The typical lecture on quantum computing talks about the difference between the classical bit and the qubit and how while the classical bit can be in only one state at a time, i.e. either 1 or 0 the qubit can be in 1 or 0 or a superposition of both states. Without thinking too hard you can go beyond this step of understanding quantum computing. But when it comes to thinking about how to solve a problem or which kind of problems can be solved with quantum computing, you have to really think deep about this superposition thing.
A much clearer way to talk about a superposition is to imagine something invisible that can exist in two states simultaneously. This can be hard if you are new to quantum computing but for now, just imagine that two states of 1 and 0 are separate but so tightly connected that they are indivisible. This is not an accurate description but it enables us to wrap our minds around these unintuitive ideas.
In reality, we cannot observe this superposition states, but experiments and mathematics tell us that they exist. We cannot observe this state in reality, anytime we take a measurement (observation) of some physically realized qubit we can only get either a 1 or 0, despite the fact that before our measurement (observation) both states existed as a singular superposition.

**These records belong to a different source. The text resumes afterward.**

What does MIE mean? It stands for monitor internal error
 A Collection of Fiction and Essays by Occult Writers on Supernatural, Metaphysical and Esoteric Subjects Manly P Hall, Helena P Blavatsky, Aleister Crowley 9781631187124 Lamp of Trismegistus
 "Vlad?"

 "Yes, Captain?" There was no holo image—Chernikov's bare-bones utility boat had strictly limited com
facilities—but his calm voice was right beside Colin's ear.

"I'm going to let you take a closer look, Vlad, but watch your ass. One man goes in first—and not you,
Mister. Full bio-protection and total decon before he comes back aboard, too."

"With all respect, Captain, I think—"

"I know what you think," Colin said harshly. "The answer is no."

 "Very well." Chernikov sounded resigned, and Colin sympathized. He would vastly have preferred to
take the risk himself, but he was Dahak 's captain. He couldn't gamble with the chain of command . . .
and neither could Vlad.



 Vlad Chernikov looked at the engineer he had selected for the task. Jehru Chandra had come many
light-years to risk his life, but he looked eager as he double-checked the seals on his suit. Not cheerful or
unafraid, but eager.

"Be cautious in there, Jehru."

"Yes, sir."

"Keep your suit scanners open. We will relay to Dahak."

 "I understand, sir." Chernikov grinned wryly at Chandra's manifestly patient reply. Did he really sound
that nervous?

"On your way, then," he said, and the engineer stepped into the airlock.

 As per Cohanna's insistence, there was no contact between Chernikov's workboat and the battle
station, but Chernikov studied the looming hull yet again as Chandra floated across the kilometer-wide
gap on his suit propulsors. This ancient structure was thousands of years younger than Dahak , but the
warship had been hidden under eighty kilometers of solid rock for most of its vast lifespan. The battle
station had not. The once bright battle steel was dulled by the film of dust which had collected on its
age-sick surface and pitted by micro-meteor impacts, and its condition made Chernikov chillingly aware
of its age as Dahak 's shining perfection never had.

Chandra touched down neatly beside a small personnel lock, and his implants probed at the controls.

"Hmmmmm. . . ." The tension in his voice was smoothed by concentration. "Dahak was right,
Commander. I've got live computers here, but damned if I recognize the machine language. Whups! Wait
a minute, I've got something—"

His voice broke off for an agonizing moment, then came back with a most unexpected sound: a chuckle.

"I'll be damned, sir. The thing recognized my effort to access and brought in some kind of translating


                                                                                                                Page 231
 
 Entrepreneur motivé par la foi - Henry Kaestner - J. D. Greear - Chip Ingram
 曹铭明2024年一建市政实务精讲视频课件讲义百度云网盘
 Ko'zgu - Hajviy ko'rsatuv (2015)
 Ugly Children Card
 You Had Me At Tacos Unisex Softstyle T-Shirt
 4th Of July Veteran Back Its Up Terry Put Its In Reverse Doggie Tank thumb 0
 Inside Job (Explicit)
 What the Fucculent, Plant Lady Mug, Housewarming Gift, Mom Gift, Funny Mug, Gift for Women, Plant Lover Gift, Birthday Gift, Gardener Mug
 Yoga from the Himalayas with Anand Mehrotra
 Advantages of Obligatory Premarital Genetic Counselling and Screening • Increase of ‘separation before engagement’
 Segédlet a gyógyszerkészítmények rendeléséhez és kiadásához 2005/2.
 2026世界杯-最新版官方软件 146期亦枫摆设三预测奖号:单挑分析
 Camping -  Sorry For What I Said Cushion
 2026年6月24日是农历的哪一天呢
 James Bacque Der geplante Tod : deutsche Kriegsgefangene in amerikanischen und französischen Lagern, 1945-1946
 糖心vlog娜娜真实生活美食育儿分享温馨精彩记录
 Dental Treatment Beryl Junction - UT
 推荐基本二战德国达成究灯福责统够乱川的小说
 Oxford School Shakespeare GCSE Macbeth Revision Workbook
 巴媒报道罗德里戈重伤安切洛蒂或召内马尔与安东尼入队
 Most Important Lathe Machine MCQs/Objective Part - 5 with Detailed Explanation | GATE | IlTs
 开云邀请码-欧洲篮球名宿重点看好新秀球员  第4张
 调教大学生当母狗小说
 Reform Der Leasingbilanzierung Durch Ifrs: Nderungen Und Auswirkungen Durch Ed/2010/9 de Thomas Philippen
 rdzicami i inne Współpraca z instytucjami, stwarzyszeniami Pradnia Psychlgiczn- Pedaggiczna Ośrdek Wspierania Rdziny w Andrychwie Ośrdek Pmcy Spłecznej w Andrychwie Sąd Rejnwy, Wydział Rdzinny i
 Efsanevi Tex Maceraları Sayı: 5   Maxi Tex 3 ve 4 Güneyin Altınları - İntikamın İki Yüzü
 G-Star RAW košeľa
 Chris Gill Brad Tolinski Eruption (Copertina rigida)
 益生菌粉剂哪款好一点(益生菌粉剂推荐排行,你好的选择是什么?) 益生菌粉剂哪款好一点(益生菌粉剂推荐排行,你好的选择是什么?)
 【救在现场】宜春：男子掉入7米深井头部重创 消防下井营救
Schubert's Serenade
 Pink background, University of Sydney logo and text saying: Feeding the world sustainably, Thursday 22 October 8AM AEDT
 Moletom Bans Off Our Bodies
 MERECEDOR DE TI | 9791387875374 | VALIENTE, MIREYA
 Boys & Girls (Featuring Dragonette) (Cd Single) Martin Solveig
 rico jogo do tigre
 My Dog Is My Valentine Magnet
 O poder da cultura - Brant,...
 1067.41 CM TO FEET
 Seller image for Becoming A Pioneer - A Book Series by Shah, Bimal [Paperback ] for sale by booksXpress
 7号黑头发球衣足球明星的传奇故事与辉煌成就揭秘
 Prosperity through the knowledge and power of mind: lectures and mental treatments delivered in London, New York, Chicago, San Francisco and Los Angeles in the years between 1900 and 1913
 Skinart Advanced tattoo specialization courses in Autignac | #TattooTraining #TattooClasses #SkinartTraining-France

So while in a classical computer we can use for bits to represent only 1 state out of 16 possibilities, with 4 qubits we can represent all 16 possibilities at once as superpositions but when we measure these 4 qubits we can only get a set of 4 out of the 16 possibilities even though our computing actually operates with the whole 16 possibilities. The states we can deal with simultaneously in quantum systems grows like 2 ^ n (2 to the power n). For every extra qubit, we add to the system the power of the system grows exponentially while in the classical system every extra bit adds to the power of the system in a linear fashion.
So when thinking about representing the solution to a problem in a quantum system one must think of the whole system as participating in finding the solution to the problem at once. That is why I call it entangled computing which has no real connection to actual quantum entanglement which is a different concept altogether.
So if we had a problem whose solution can be represented as a configuration of bits such that a particular pattern of 4 bits would be a solution to the problem, using classical computing we could brute-force search through all bit combinations 4 at a time until will arrive at the solution, which will take a minimum of one search or a maximum of 16 searches before we arrive at a solution. With a quantum computer, we can search all 16 configurations at once and provide the answer in minimal time.
While a system with only 4 bits and 16 total configurations is very trivial, as we go to systems whose solution can be represented by 1000s of bits to even millions it can be very difficult to design good algorithms that can search for a configuration that solves the problem. As the number of bits increases the amount of compute and algorithmic ingenuity that must go into the solution of the problem increases. The promise of quantum computing is that solutions to these kinds of large problems will become trivial because with superposition we can rapidly search for all possible configurations in a short amount of time than we would be able to achieve with any practical classical computing arrangement or any algorithm of any degree of sophistication.
I hope you now have some kind of insight into quantum computation and can start thinking about it more productively.